The beverage industry is undergoing a green makeover, innovating everything from ingredients to emissions. If you’re the type of person who checks labels for more than just calories, you’re not alone.
Eco-conscious consumers are becoming more discerning about what they drink and the companies they support. Flashy eco-labels aren’t good enough anymore. Real sustainability means innovation, regulation and accountability. This is what it looks like in action.
1. Smarter and Cleaner Ingredients
More brands are turning to regeneratively farmed crops, local growers and organic ingredients to reduce transportation emissions and rebuild soil health. For example, major soda producer PepsiCo has committed to cultivating 10 million acres of sustainably sourced ingredients by 2030 and has already reached half that goal in 2024.
Ethical ingredient sourcing is becoming a purchasing priority. Labels that prove ethical supply chains build consumer trust and nudge shoppers toward eco-conscious options. This strategy is also good business.
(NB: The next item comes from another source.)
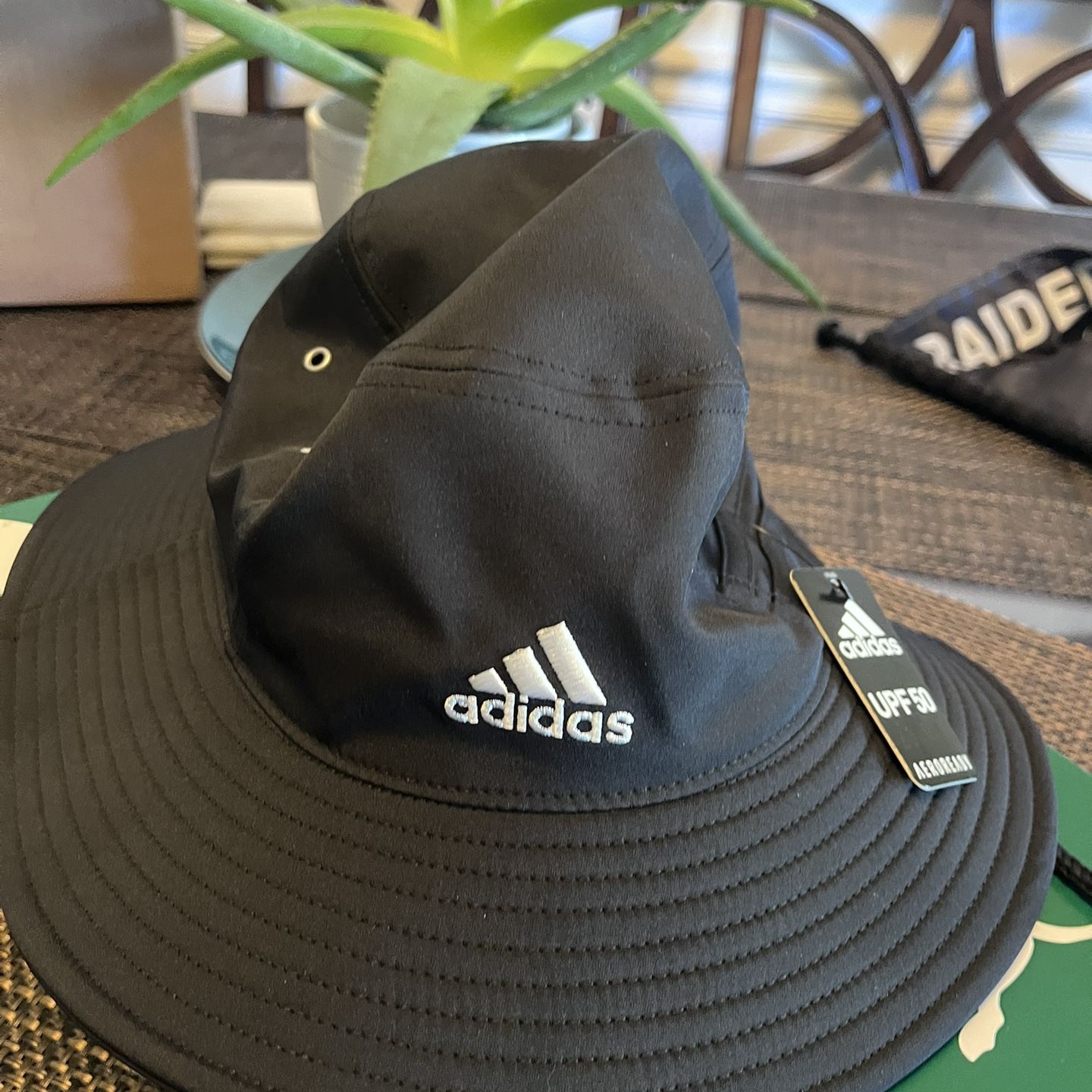 Adidas (Unisex) Aeroready Bucket Hat UPF 50 Black Polyester blend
When millennial and Gen Z consumers believe a brand cares about the environment, they are 27% more likely to buy from it compared to older consumers, even paying more for sustainable packaging.
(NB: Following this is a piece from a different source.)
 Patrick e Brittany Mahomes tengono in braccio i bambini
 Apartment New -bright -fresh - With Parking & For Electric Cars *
2. Revolutionary Packaging
Plastic alternatives — like aluminum cans, glass, recycled paperboard and biodegradable pouches — are changing the game. In 2021, the BBC reported on their first attempts to go zero-waste with a fully biodegradable paper bottle design. Coca-Cola is trying out paper bottles with a thin plastic liner.
With Americans buying about 30 billion plastic single-use bottles annually, it’s more imperative than ever that producers find alternatives to plastics that end up in landfills. Manufacturers must keep the product’s end-of-life packaging recyclability in mind.
3. Energy Efficiency
Beverage manufacturers are cutting energy use by installing solar panels, using energy recovery systems and redesigning factory layouts to minimize waste. The Brooklyn Brewery began its sustainability journey with big moves in 2016, with an air curtain-insulated cold box, which reduced its energy consumption. The facility also converted all lights to low-energy LEDs in the same year.
4. Wise Water Management
Water is essential for any beverage, but it is also a fragile resource. The beverage industry uses significant amounts for cleaning, brewing and processing, so water stewardship is becoming critical.
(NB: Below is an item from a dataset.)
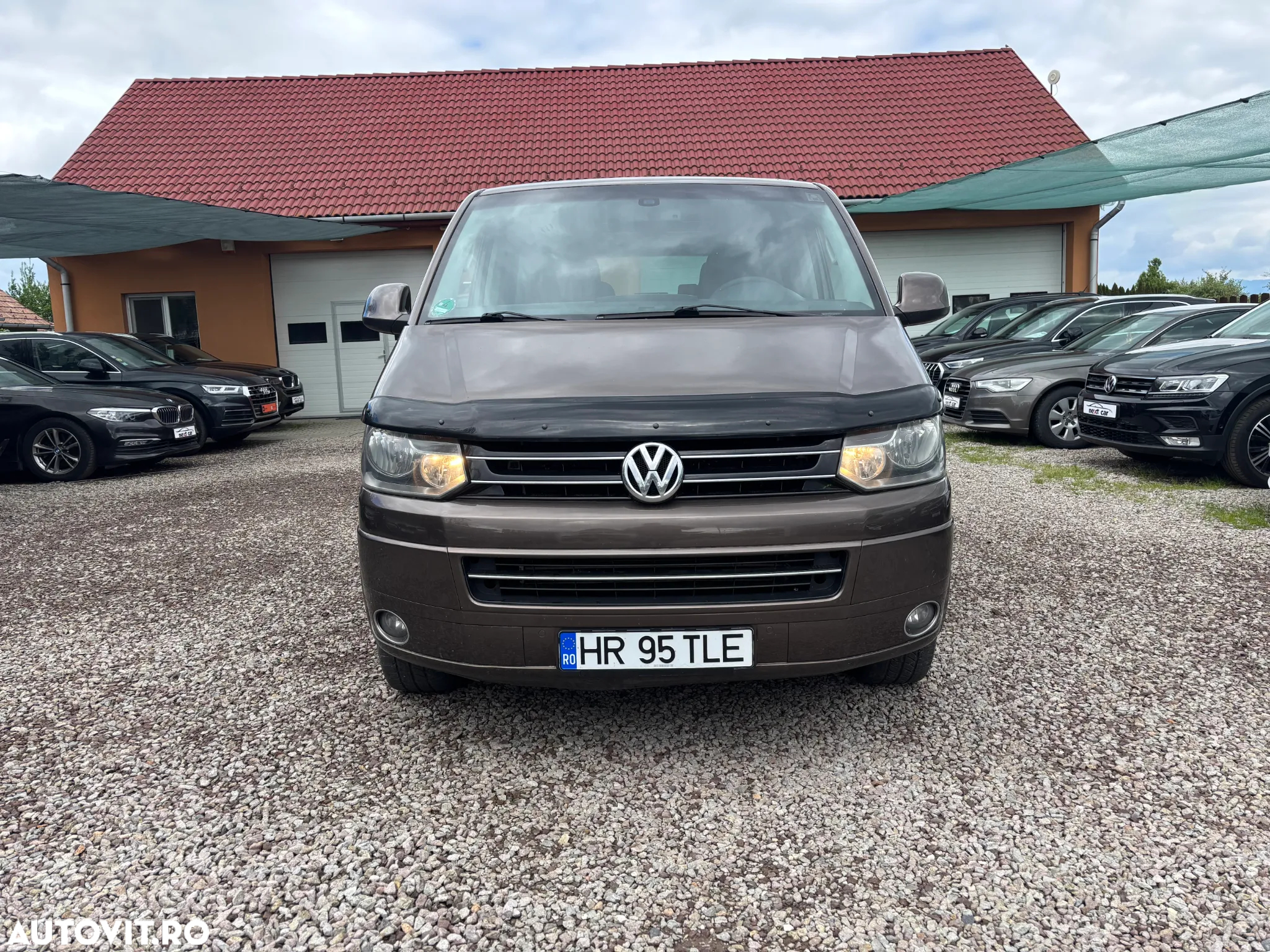 Volkswagen Multivan - 21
Diageo — the company behind Guinness and Smirnoff — reports cutting water use by 21% across its operations over the past decade. With a goal of 40% reduced water use by 2030, significant water conservation measures are beginning to pay off. Many companies use a closed-loop water system that captures, cleans and reuses water internally, reducing demand on municipal systems and minimizing pollution.
5. Low-Emission Transportation and Delivery
Getting your drinks at the store means they have traveled from the producer to storage and finally to your local seller. However, raw ingredients and packaging are also shipped to the producer, quickly adding to a significant carbon footprint. Some brands try to minimize their impact by using shorter supply chains, carbon-offset shipping and electric delivery fleets.
Planting a few trees is no longer good enough to claim a company is eco-friendly, and countries are more alert than ever to greenwashing. Green marketing laws like Canada’s Bill C-59 make greenwashing illegal under the Competition Act. These laws help consumers trust that when a company advertises its measures to cut back on transportation emissions, it’s real. Look for brands with lighter packaging to cut fuel emissions and locally sourced ingredients to reduce imports.
6. Circular Models and Upcycling Waste
Beverage waste is increasingly being upcycled, with spent grain and fruit peels becoming by-products in animal feed, biofuel and packaging materials. Toast Brewing is among the companies that are adopting innovative business models. It makes all its ale from surplus bread and redistributes profits to charities that support food security and soil conservation.
Support local businesses that turn imperfect fresh produce into cold-pressed juices. These low-waste circular models keep materials in use and out of landfills.
The Future Is Refillable, Renewable and Real
Sustainability in the beverage industry is more than a trend — it’s a full-bodied transformation. Brands are raising the bar with more innovative sourcing, renewable energy and rethinking waste and labeling. As a consumer, your choices matter. Whether you sip sparkling water or decant a local wine, you’re part of the shift.